::: Supplied data

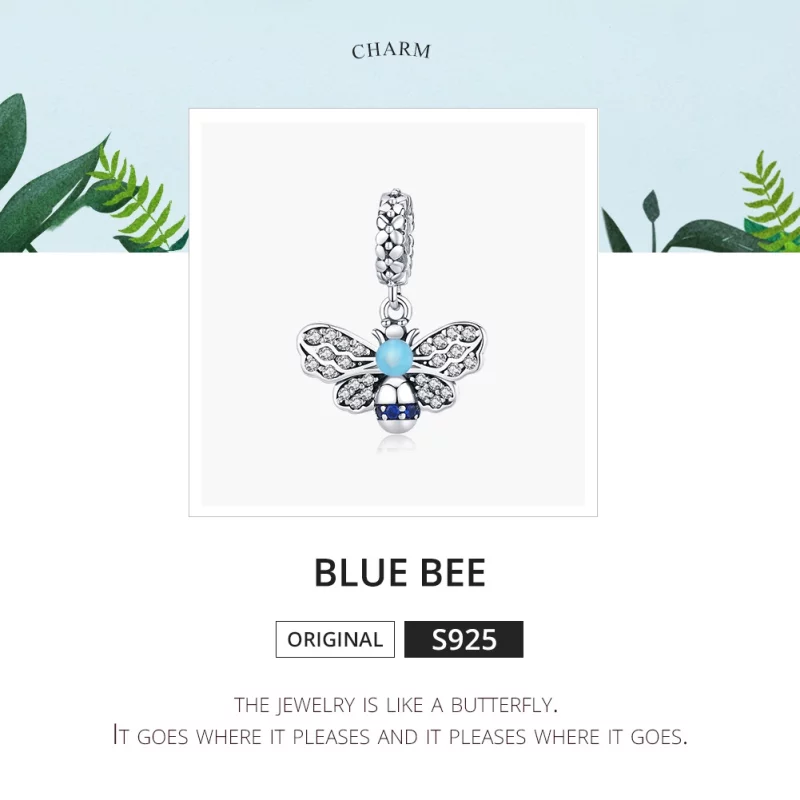 (image pour) Charm Pendant Style PANDORA Abeille bleue - SCC1480 - Afficher 6
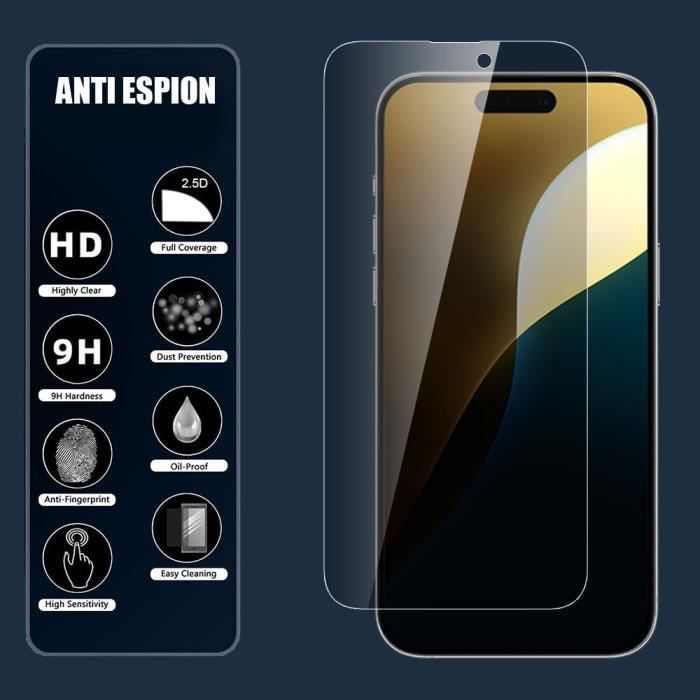 Protecteur d'écran - Lot de 4 - iPhone 16 Pro Max - Verre trempé - Anti-espion - Noir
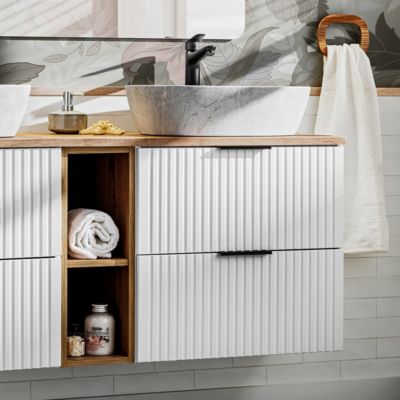 Meuble double vasque 140cm 2 niches Adriel Blanc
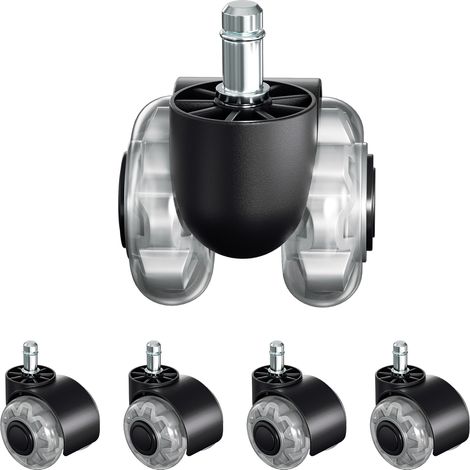 Hengda Set di 5 rotelle per sedie da ufficio 11 mm x 22 mm, rotelle per pavimenti duri fino a 125 kg, installazione semplice senza attrezzi (1/5)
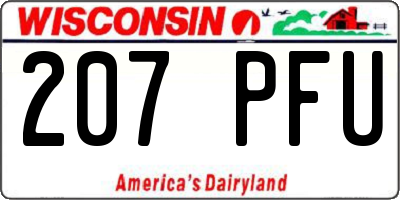 WI license plate 207PFU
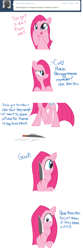 Size: 668x2008 | Tagged: safe, artist:bambooharvester, imported from derpibooru, pinkie pie, earth pony, pony, ask, comic, cute, cuteamena, female, knife, mare, pinkamena diane pie, pinkie pie replies, pinkie promise, solo, tumblr, weapon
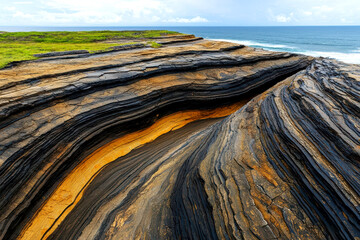 geological formation with rock layers and geological time. Aerial view of rock folds showing millions of years of tectonic movement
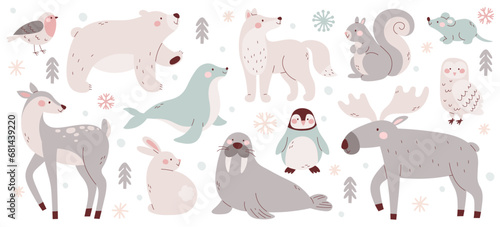 Cute arctic winter water and forest animals character isolated graphic set vector illustration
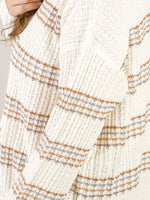 Cream with Multi-Color Stripe Sweater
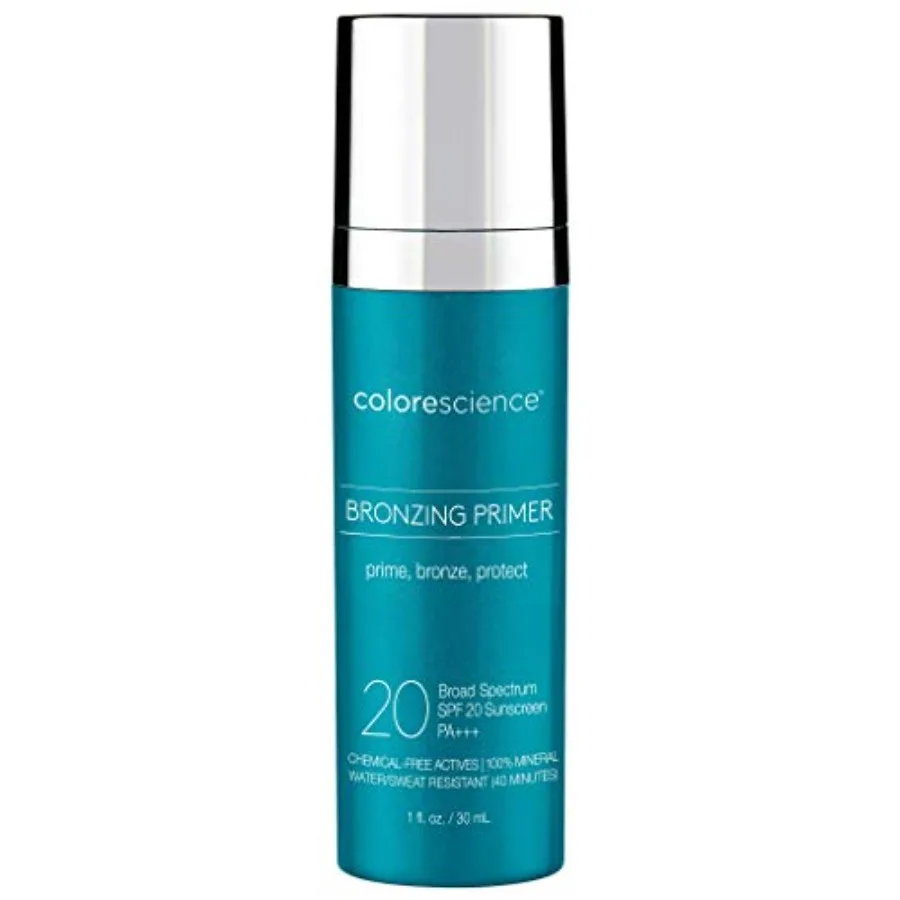 Bronzing Primer for face application, mineral-based, bronze tone, SPF 20 broad-spectrum UVA/UVB water-resistant sun protection,
Bronzing Primer for face application, mineral-based, bronze tone, SPF 20 broad-spectrum UVA/UVB water-resistant sun protection,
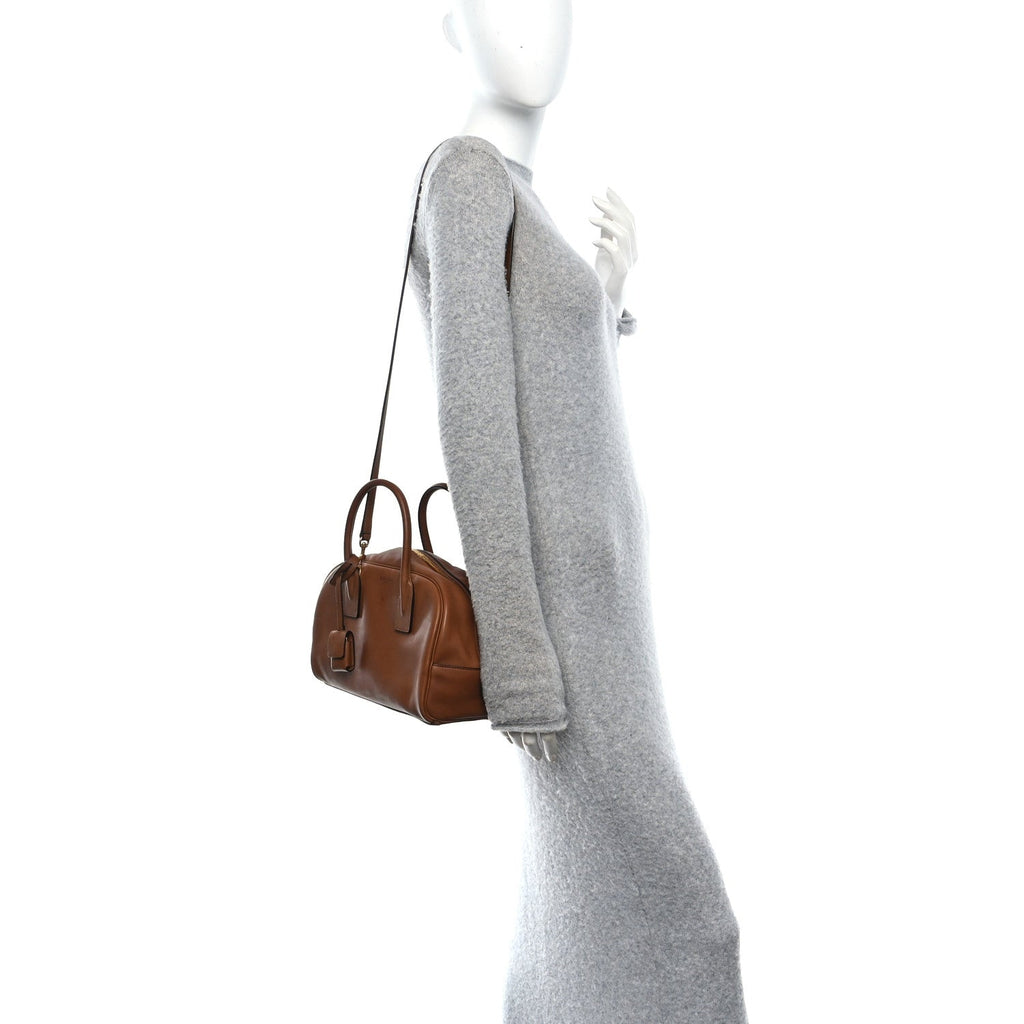 CALFSKIN SMALL SAC DE JOUR BOSTON HANDLE TOASTED BROWN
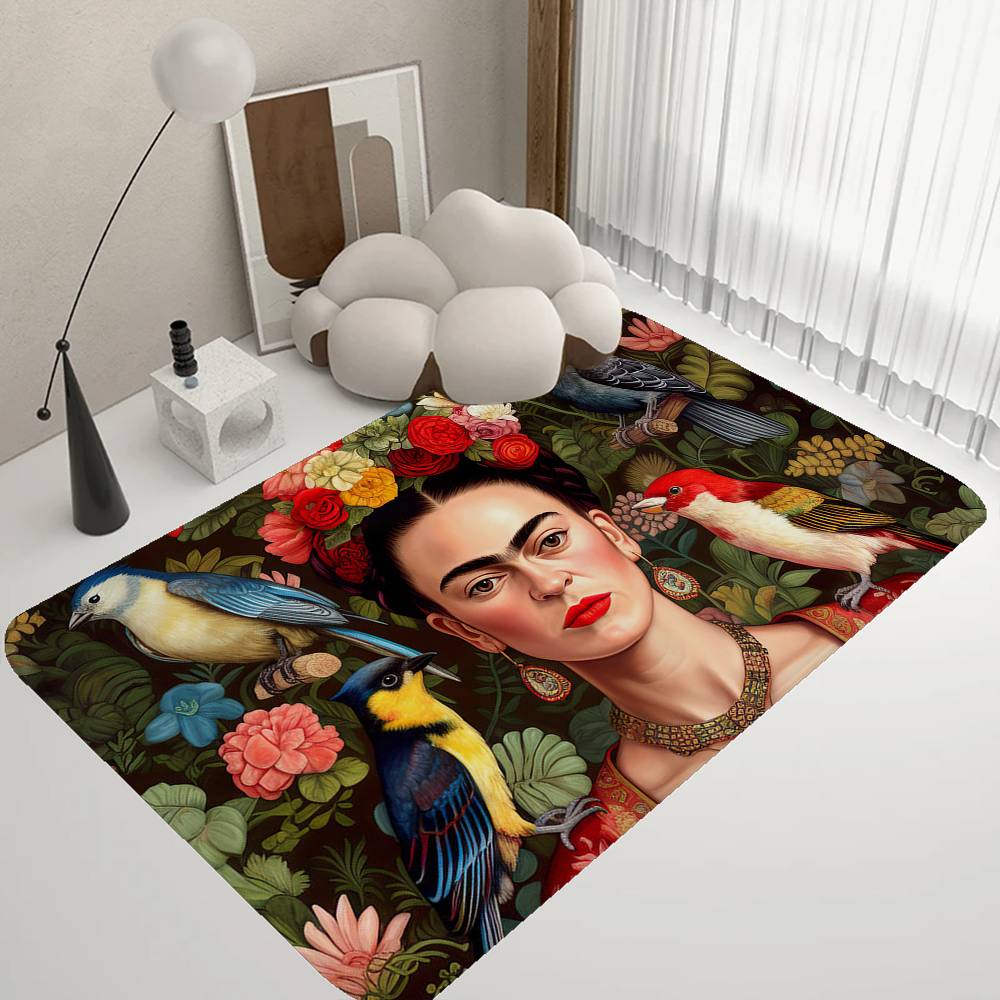Tappetino Vintage Artista F-Frida K-Kahlo Stanza dei Bambini Decorazione Camera da Letto Balcone Tappetino Antiscivolo Tappetino Ingresso Tappeto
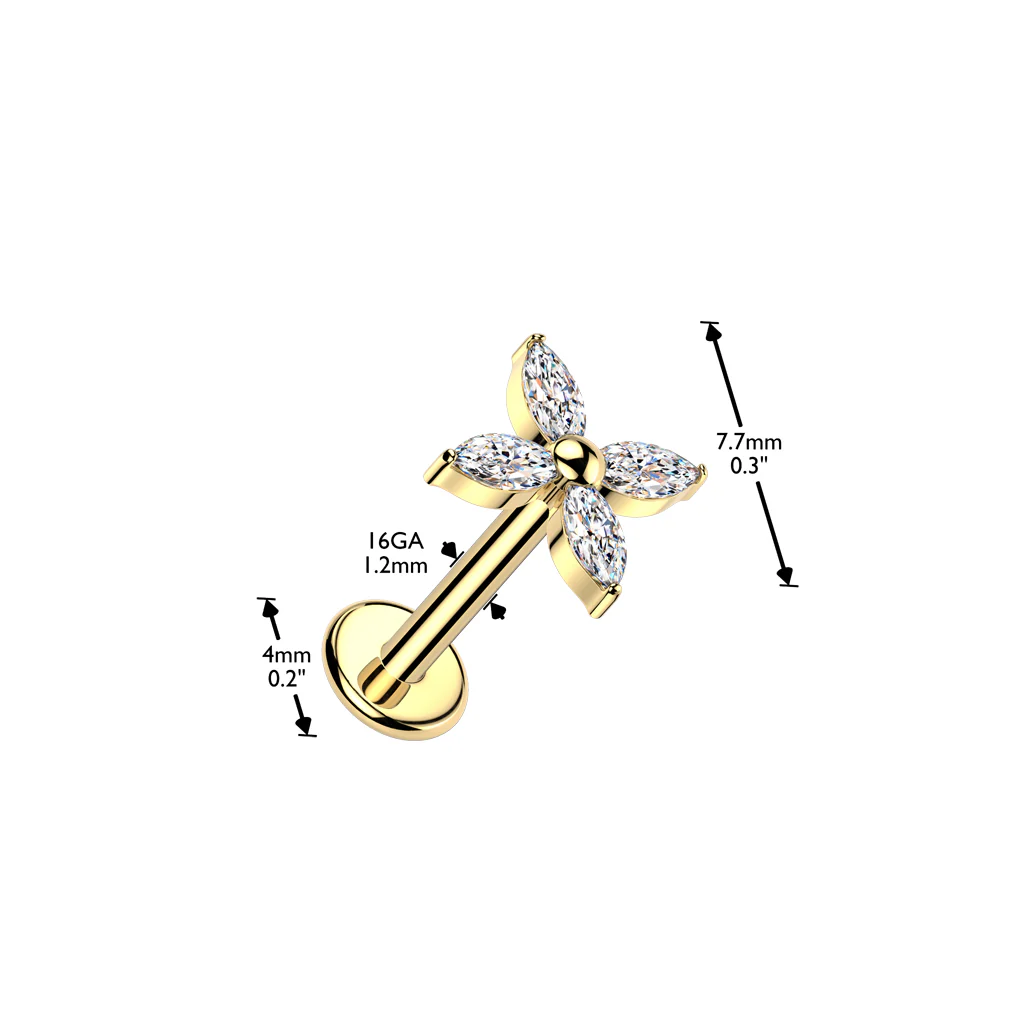 Titanium Internally Threaded Flower CZ Labret Stud Tragus Lobe Helix - Image 2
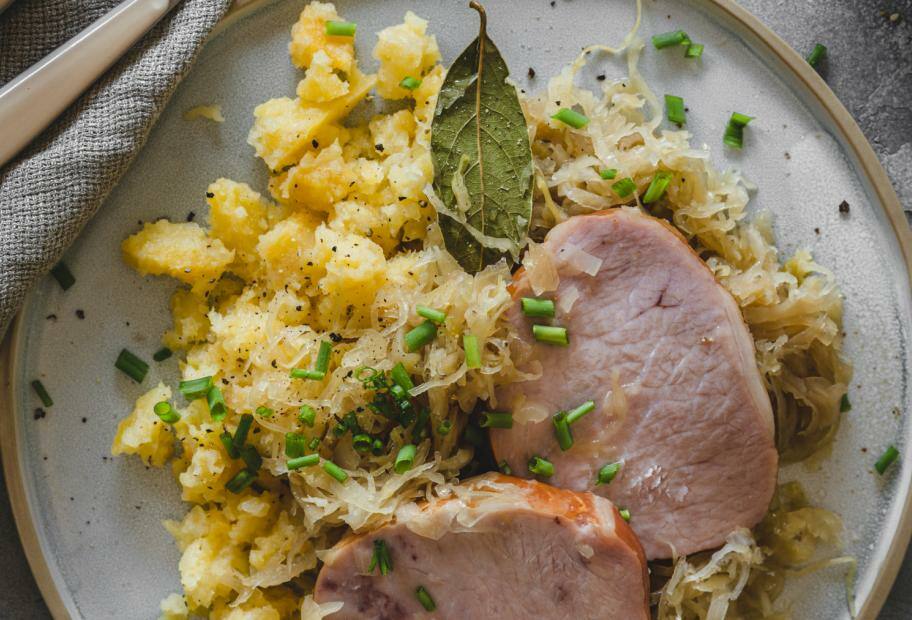 Sauerkraut mit Kasseler und Stampf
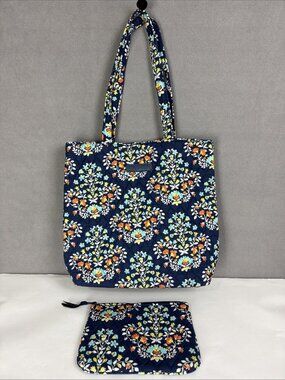 Vera Bradley Chandelier Floral Blue Tote & Zip Pouch Set outlet print spring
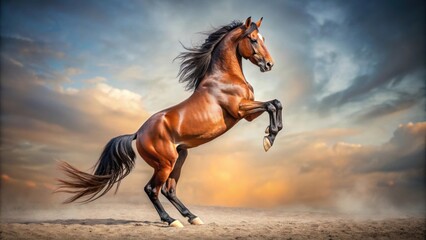 Beautiful horse rearing on hind legs in a majestic pose, Horse, rearing, beautiful, graceful, powerful, stallion, equine, animal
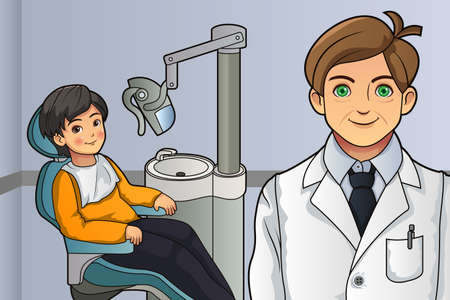 A vector illustration of little boy in the dentist officeのイラスト素材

::::::

Above are records with pictures. Reproduce exactly only the lines from the line with "geological formation with" through the line with "CALFSKIN SMALL SAC", both ends included, and leave the pictures out.

Final answer →
 geological formation with rock layers and geological time. Aerial view of rock folds showing millions of years of tectonic movement
 Cute arctic winter water and forest animals character isolated graphic set vector illustration
 Cream with Multi-Color Stripe Sweater
 Bronzing Primer for face application, mineral-based, bronze tone, SPF 20 broad-spectrum UVA/UVB water-resistant sun protection,
Bronzing Primer for face application, mineral-based, bronze tone, SPF 20 broad-spectrum UVA/UVB water-resistant sun protection,
 CALFSKIN SMALL SAC DE JOUR BOSTON HANDLE TOASTED BROWN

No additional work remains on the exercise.